A Large Kangxi Blue and White Porcelain Dish c.1700.

A Kangxi Blue and White porcelain dish decorated with ladies in various pursuits, the base with an apocryphal Ming, Chenghua mark (reigned 1465 to 1487). The central scene is of a busy garden, two elegant ladies are next to a large jardinière of flowering peony. One of the ladies is holding a fan, she is being served tea or warm wine, the other lady holds a small twig with a flower, she is next to an assistant who is warming a kettle on a brazier. The scene is framed by flowering prunus. The border shows two ladies with fans and two pairs of women playing instruments.

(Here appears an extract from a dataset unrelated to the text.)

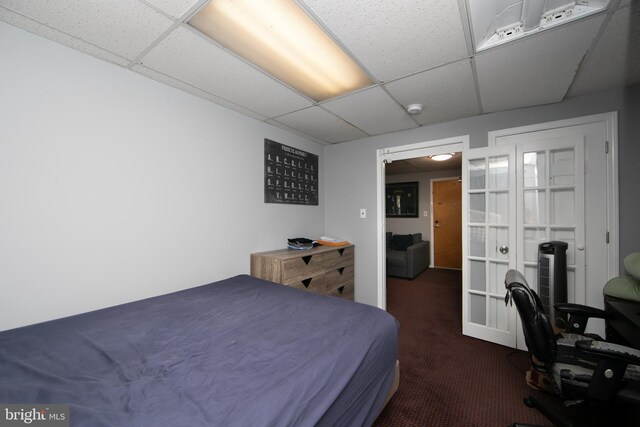 carpeted bedroom with french doors and a drop ceiling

The rim has numerous small chips. Filled chips, some are just glaze chips ; a flat flake type chip 18 x 5 mm, 12 x 2 mm other smaller filled chips. Minor rim chips and fritting.
Diameter : 31.5 cm (12 1/2 inches)
Stock number



Apocryphal Marks :

Apocryphal marks are frequently encountered on Chinese porcelain, particularly on Kangxi Blue and White Porcelain but also on Transitional porcelain like the present example. The mark of the Ming Emperor Chenghua who reigned from 1465 to 1487 being by far the most common, other Ming marks include Jiajing (1522-1566) and less frequently Wanli (1573-1620). These marks were not added to the piece to deceive, but more as a sign of reverence to earlier potters of the Ming dynasty (1368-1644). Occasionally they are used on pieces copying Ming Porcelain, these objects were probably made for collectors who could not afford the Ming original. Tianqi is an early period for such an apocryphal mark.


Peony :

Peonies are the most commonly encountered flower on Chinese porcelain, indeed in Chinese art in general. There are two cultivated types of peony commonly depicted, the tree peony Paeonia Suffruicosa (Mudan) and the herbaceous peony P.Lactiflora (Shaoyao). Both have rich exuberant flowers with thin silk like petals but the plants are rather different to each other. The tree peony is not in fact a tree but a deciduous shrub, sometimes rather large and sprawling, it has irregular woody stems. It shares a similar leaf and flower form to the herbaceous peony but they are not close in other ways. The Chinese refer to the peony as the `King of flowers` and are seen as equivalent to the first rank among officials. The flowers are closely associated with royalty because they have been grown in imperial gardens since the Sui dynasty (581-618). The peony is one of the flowers of the four seasons and represents the Spring. It symbolizes wealth and honour, honour in the sense of high rank, having an official position, or high social status.